In the material below, find the line with "et cultiver Arabis'" and the line with "Araña Telaraña —". Output exactly those two lines and all lines between them, leaving out pictures.

- EXCERPTED DATA
:::

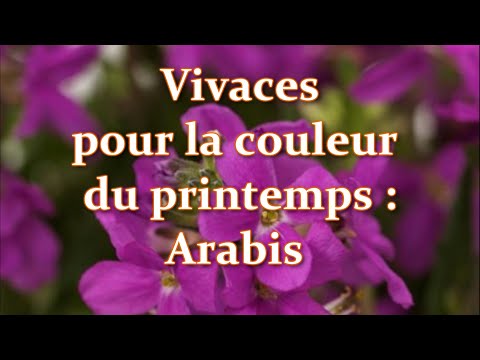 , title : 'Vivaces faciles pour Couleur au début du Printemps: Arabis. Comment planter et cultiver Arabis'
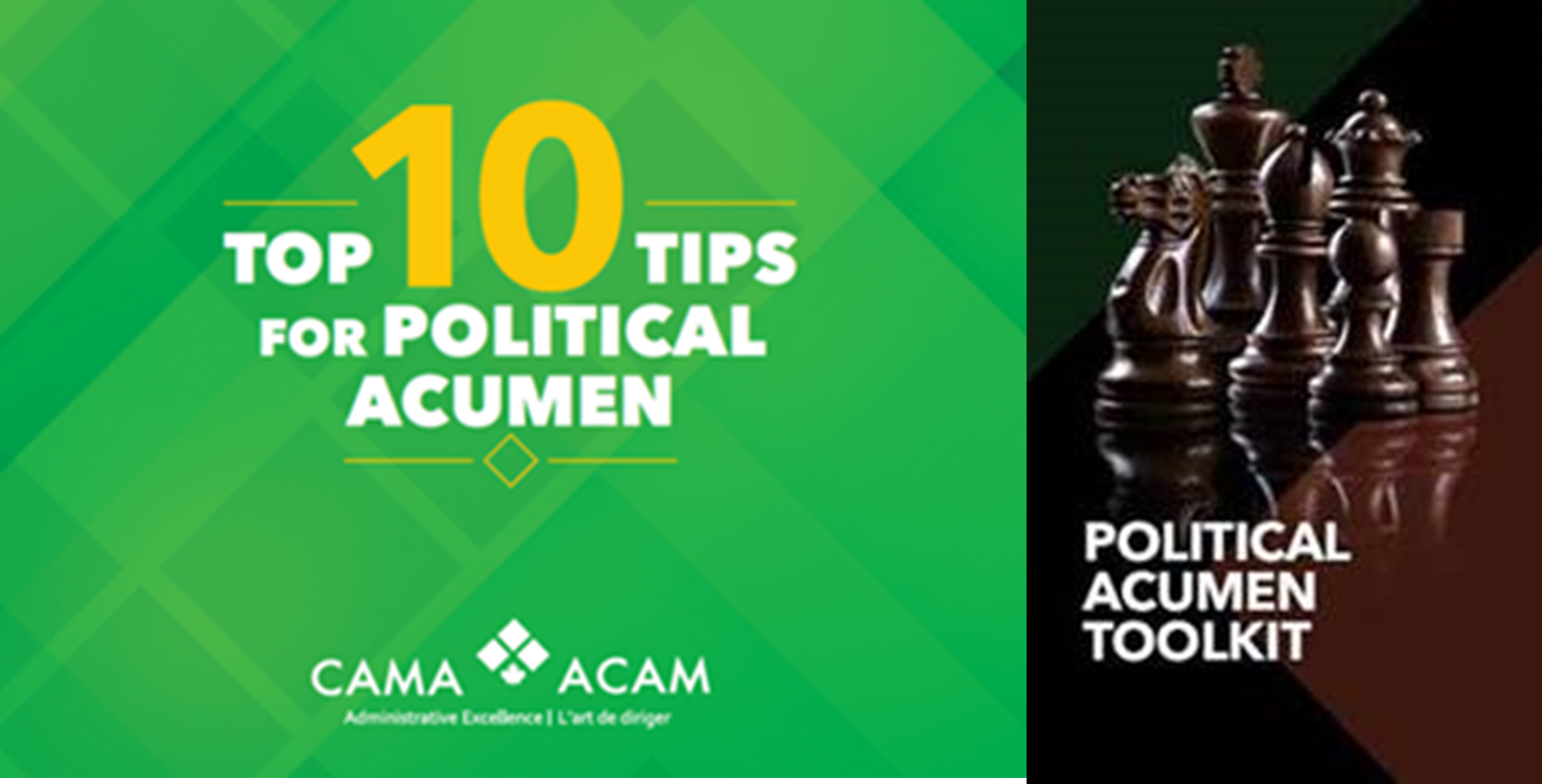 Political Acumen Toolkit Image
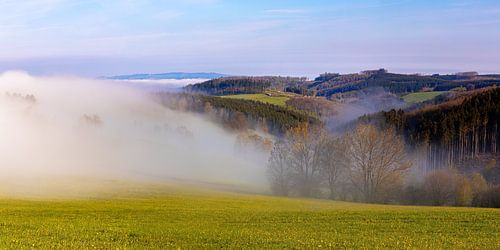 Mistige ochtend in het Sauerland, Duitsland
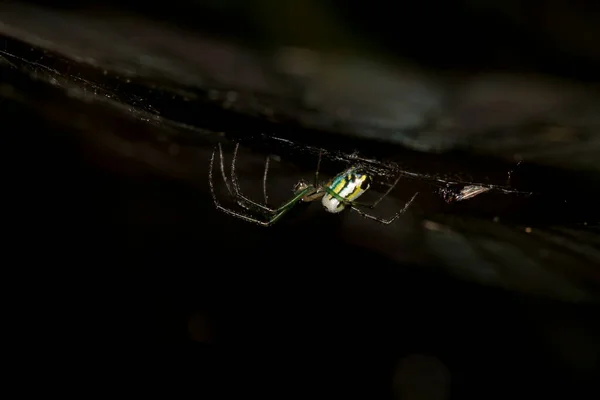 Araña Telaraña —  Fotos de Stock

:::

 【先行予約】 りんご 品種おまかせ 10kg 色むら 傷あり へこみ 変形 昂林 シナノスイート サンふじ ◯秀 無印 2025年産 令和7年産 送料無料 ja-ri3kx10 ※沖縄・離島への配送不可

:::

- EXPECTED ANSWER
 , title : 'Vivaces faciles pour Couleur au début du Printemps: Arabis. Comment planter et cultiver Arabis'
 Political Acumen Toolkit Image
 Mistige ochtend in het Sauerland, Duitsland
 Araña Telaraña —  Fotos de Stock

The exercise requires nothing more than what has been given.